Our nation’s wealth remains intact. As Gertrude Stein put it, “Money is always
there, but the pockets change.” Above all, it’s our market system – an
economic traffic cop ably directing capital, brains and labor – that has
created America’s abundance. This system has also been the primary factor in
allocating rewards. Governmental redirection, through federal, state and local
taxation, has in addition determined the distribution of a significant portion
of the bounty. America has, for example, decided that those citizens in their
productive years should help both the old and the young. Such forms of aid –
sometimes enshrined as “entitlements” – are generally thought of as applying
to the aged. But don’t forget that four million American babies are born each
year with an entitlement to a public education. That societal commitment,
largely financed at the local level, costs about $150,000 per baby. The annual
cost totals more than $600 billion, which is about 31⁄2% of GDP. However our
wealth may be divided, the mind-boggling amounts you see around you belong
almost exclusively to Americans. Foreigners, of course, own or have claims on
a modest portion of our wealth. Those holdings, however, are of little
importance to our national balance sheet: Our citizens own assets abroad that
are roughly comparable in value. Early Americans, we should emphasize, were
neither smarter nor more hard working than those people who toiled century
after century before them. But those venturesome pioneers crafted a system
that unleashed human potential, and their successors built upon it. This
economic creation will deliver increasing wealth to our progeny far into the
future. Yes, the build-up of wealth will be interrupted for short periods from
time to time. It will not, however, be stopped. I’ll repeat what I’ve both
said in the past and expect to say in future years: Babies born in America
today are the luckiest crop in history. ____________America’s economic
achievements have led to staggering profits for stockholders. During the 20th
century the Dow-Jones Industrials advanced from 66 to 11,497, a 17,320%
capital gain that was materially boosted by steadily increasing dividends. The
trend continues: By yearend 2016, the index had advanced a further 72%, to
19,763. American business – and consequently a basket of stocks – is virtually
certain to be worth far more in the years ahead. Innovation, productivity
gains, entrepreneurial spirit and an abundance of capital will see to that.
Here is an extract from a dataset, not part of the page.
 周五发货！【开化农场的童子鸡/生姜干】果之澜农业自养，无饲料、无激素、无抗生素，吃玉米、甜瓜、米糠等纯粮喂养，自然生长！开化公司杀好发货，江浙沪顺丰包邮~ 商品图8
Ever-present naysayers may prosper by marketing their gloomy forecasts. But
heaven help them if they act on the nonsense they peddle. Many companies, of
course, will fall behind, and some will fail. Winnowing of that sort is a
product of market dynamism. Moreover, the years ahead will occasionally
deliver major market declines – even panics – that will affect virtually all
stocks. No one can tell you when these traumas will occur – not me, not
Charlie, not economists, not the media. Meg McConnell of the New York Fed
aptly described the reality of panics: “We spend a lot of time looking for
systemic risk; in truth, however, it tends to find us.” During such scary
periods, you should never forget two things: First, widespread fear is your
friend as an investor, because it serves up bargain purchases. Second,
personal fear is your enemy. It will also be unwarranted. Investors who avoid
high and unnecessary costs and simply sit for an extended period with a
collection of large, conservatively-financed American businesses will almost
certainly do well. As for Berkshire, our size precludes a brilliant result:
Prospective returns fall as assets increase. Nonetheless, Berkshire’s
collection of good businesses, along with the company’s impregnable financial
strength and owner-oriented culture, should deliver decent results. We won’t
be satisfied with less.